As soon as the line containing "Cover image for" appears, start repeating lines exactly and continue to the end of the entries; please skip pictures.

(LISTED ENTRIES Opens)

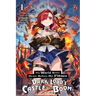 The World Bows Down Before My Flames, Vol. 1 (Novel): The Dark Lord's Castle Goes Boom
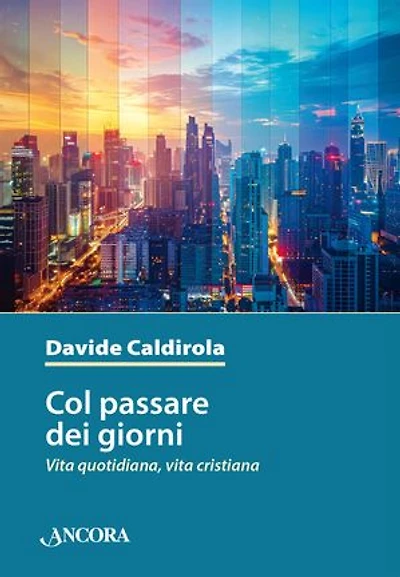 Col passare dei giorni: Vita quotidiana, vita cristiana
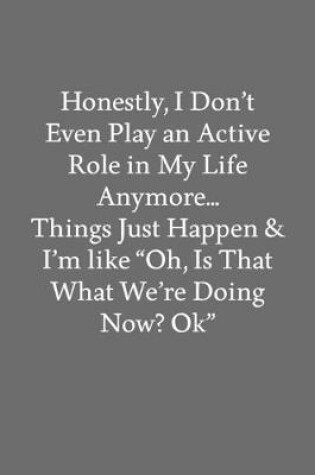 Cover of Honestly, I Don't Even Play an Active Role in My Life Anymore... Things Just Happen & I'm like "Oh, Is That What We're Doing Now? Ok"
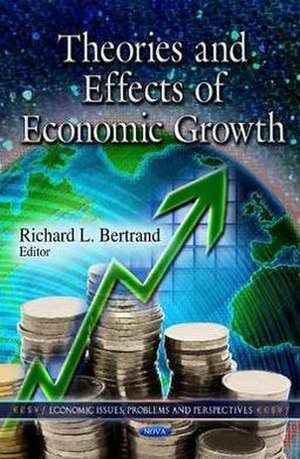 Theories & Effects of Economic Growth de Richard L. Bertrand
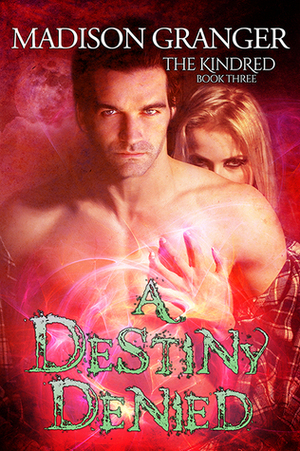 A Destiny Denied (The Kindred #3) by Madison Granger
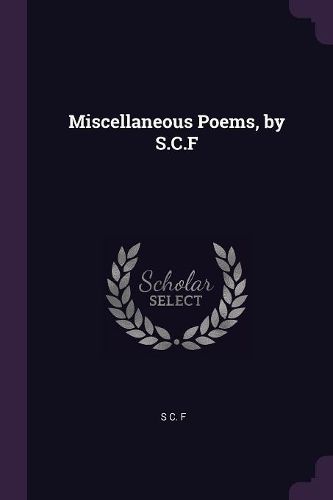 Cover image for Miscellaneous Poems, by S.C.F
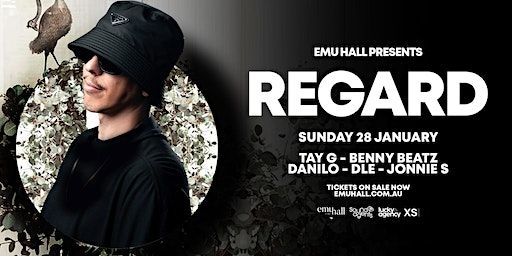 EMU HALL PRESENTS - DJ REGARD | Emu Hall Bar & Kitchen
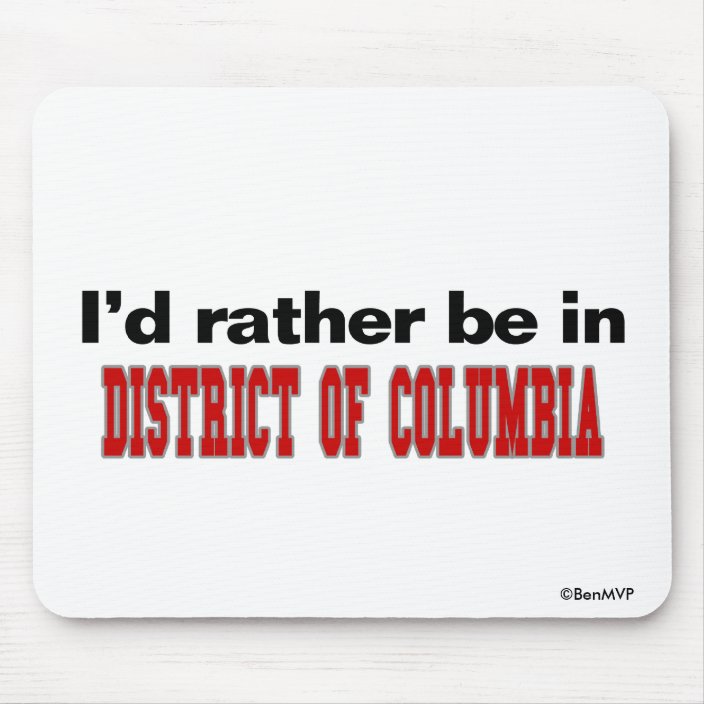 I'd Rather Be In District of Columbia Mousepad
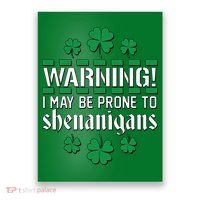 Warning! May Be Prone to Shenanigans Irish Clovers Poster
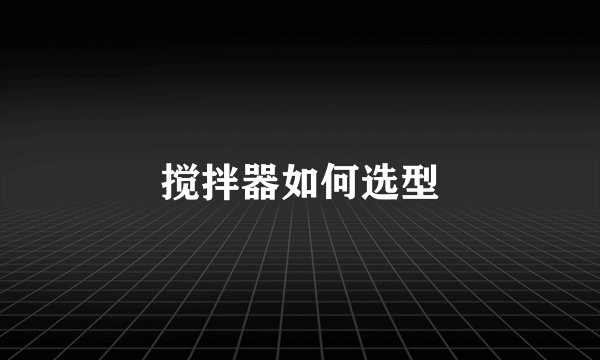搅拌器如何选型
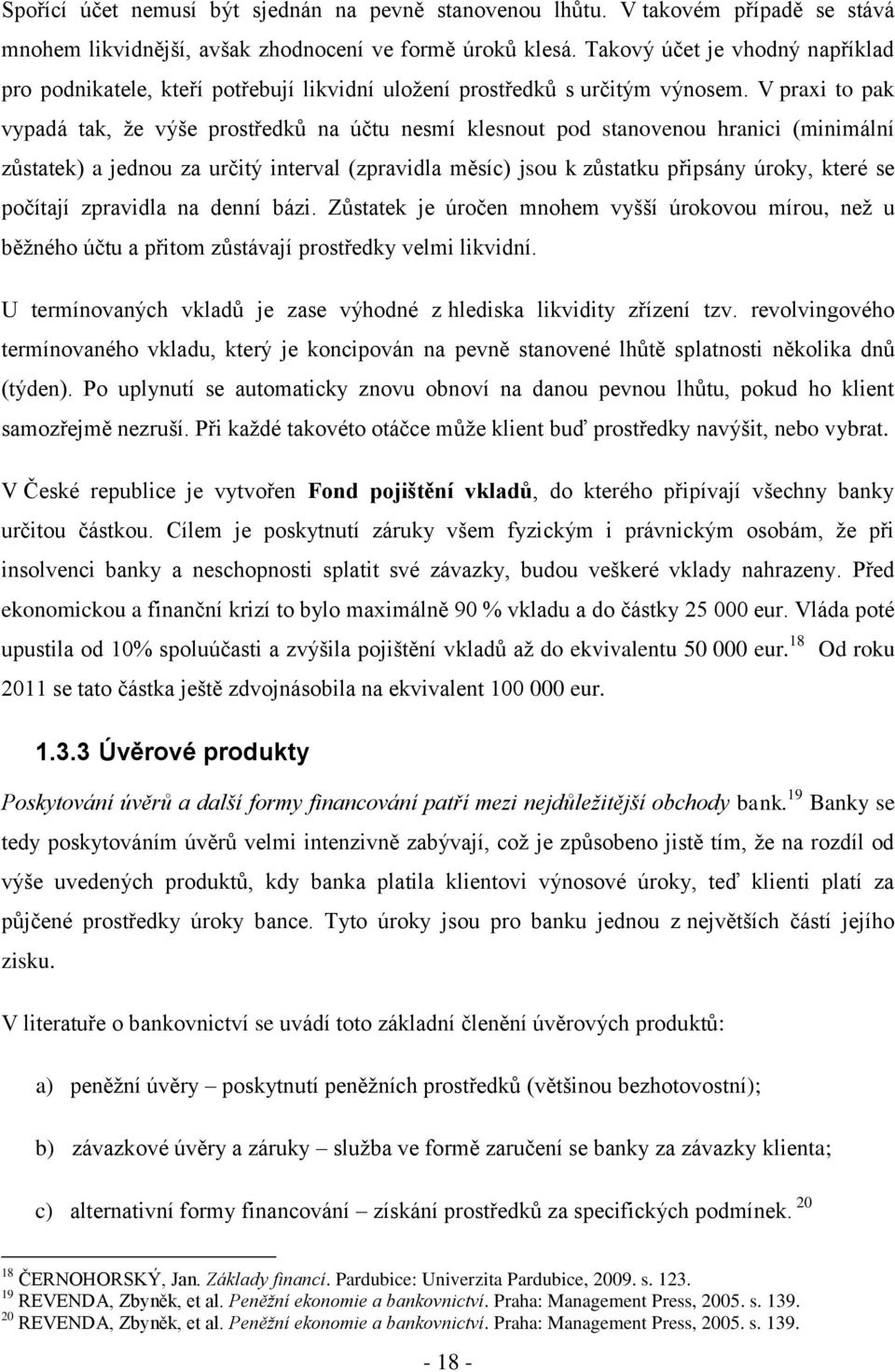 V praxi to pak vypadá tak, ţe výše prostředků na účtu nesmí klesnout pod stanovenou hranici (minimální zůstatek) a jednou za určitý interval (zpravidla měsíc) jsou k zůstatku připsány úroky, které se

(LISTED ENTRIES Closes)

**WORKED SOLUTION**
 Cover image for Miscellaneous Poems, by S.C.F
 EMU HALL PRESENTS - DJ REGARD | Emu Hall Bar & Kitchen
 I'd Rather Be In District of Columbia Mousepad
 Warning! May Be Prone to Shenanigans Irish Clovers Poster
搅拌器如何选型
 V praxi to pak vypadá tak, ţe výše prostředků na účtu nesmí klesnout pod stanovenou hranici (minimální zůstatek) a jednou za určitý interval (zpravidla měsíc) jsou k zůstatku připsány úroky, které se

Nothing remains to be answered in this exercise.